The Paris-Châlons railway, so necessary for bringing up supplies, was no longer usable.

Thus it was a real disaster.[5]

This attack was quickly followed by that of Compiègne (June 9 to June 12).

 

May 28. Go to Belleu, H.Q. of General Duchesne, in command of the Sixth Army; he has fallen back to Oulchy-le-Château. We go there. He explains the situation to us, which is by no means bright; the German advance continues, and we have nothing but ‘sweepings’ to pit against them. He complains that since the attack began he has not seen a single chief belonging to the High Command.

We spend the night at Provins, General Pétain’s H.Q. He complains of Foch’s sending the reserves up north and to the Somme. He had opposed it. Sends troops to stop the gap, but they are not used to advantage. There is a shortage of artillery.

 

May 29. The next day, May 29, we go to Fère-en-Tardenois, which we reach just as the Germans arrive. We escape. Thence to Fresnes, General Degoutte’s fighting-post. His part in the fight: he tells us of divisions being flung into the battle one after another, without artillery. A tragic sight to see the General silently weeping over a tattered remnant of a map, and all the while a continuous stream of motor-cyclists arriving with reports of the enemy’s approach. I left him with no hope of ever seeing him again. For me this is one of the most poignant memories of the War.

Lunch at Oulchy-le-Château with General Duchesne, to cheer him up, and try to get precise information about the battle.

Visit General Maud’huy at Longpont. His impressions—his anger against Duchesne. Then to Ambreny, General Chrétien’s H.Q.

We return to Paris. State of confusion.

Panic in the Chamber.

 

May 30. Go to Trilport (General Duchesne’s fighting-post), to Coupru (General Degoutte’s fighting-post), to Longpont (General de Maud’huy).

The hole is stopped up, but there is a great lack of artillery.

Popular agitations at Paris demanding the heads of Duchesne, Franchet d’Esperey, Pétain, and Foch.

Interview at Trilport. Discussion on the journey. Foch, Pétain, and Duchesne severely criticized. Weakness of the subordinate command. Necessity of cutting out the dead wood.

Paris very nervous, especially over the abandoning of the bridges on the Aisne.
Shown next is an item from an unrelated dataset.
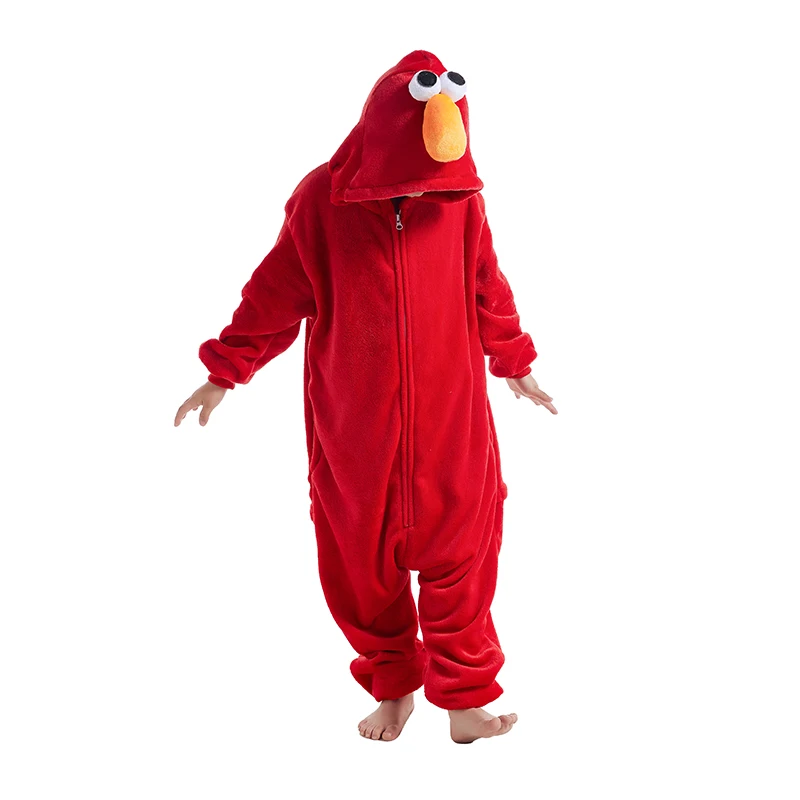 Kids Onesie Cosplay Costume Halloween Pajamas Elmo One-Piece Pijamas Christmas Boy Girl Full Body Clothes Cartoon Anime Homewear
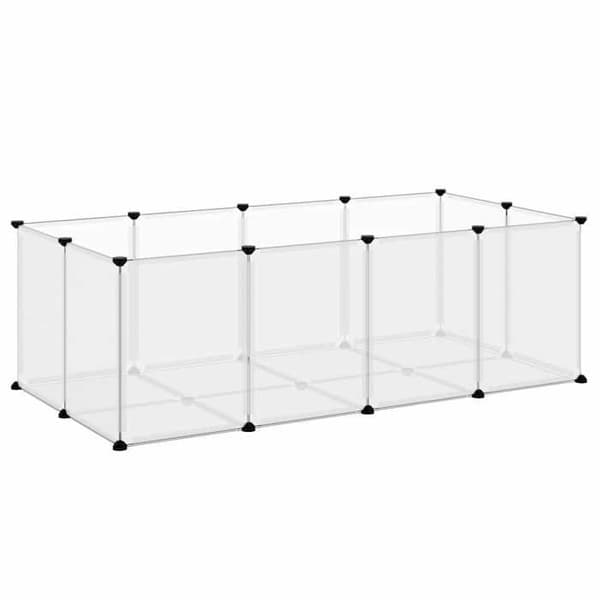 Kasser & bure - MAISON EXCLUSIVE - 144x74x46,5 cm - Vandafvisende PP-paneler - Stålrammer - Nem montering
In spite of the animosity of the Allies against Foch, M. Clemenceau has these words inserted in a telegram to the Allied Governments: “We consider that General Foch, who is conducting the present campaign with consummate skill, and whose military judgment inspires us with the utmost confidence, does not exaggerate the necessities of the moment.[6] . . .”

 

June 3, evening. Sitting of the Commission de l’Armée. M. Clemenceau says, “We must have confidence in Foch and Pétain, those two great chiefs who are so happily complementary of each other. . . .”

 

June 4. My interview with Foch at Mouchy-le-Châtel. The necessity of removing the incompetent Divisional Commanders. Foch must speak about this to Pétain.

Better news from the Front.

I had to make things right with Parliament. I am always and unvaryingly a staunch Parliamentarian. I must admit that the Parliamentary system as we know it is not always a school for stout-heartedness. All the conversations before that formidable meeting were full to bursting with evil auguries for the High Command. I never wavered. I took everybody under my shield, to the great astonishment of those who had told me that by throwing all the responsibility on the Commander-in-Chief I should regain the authority belonging to my position.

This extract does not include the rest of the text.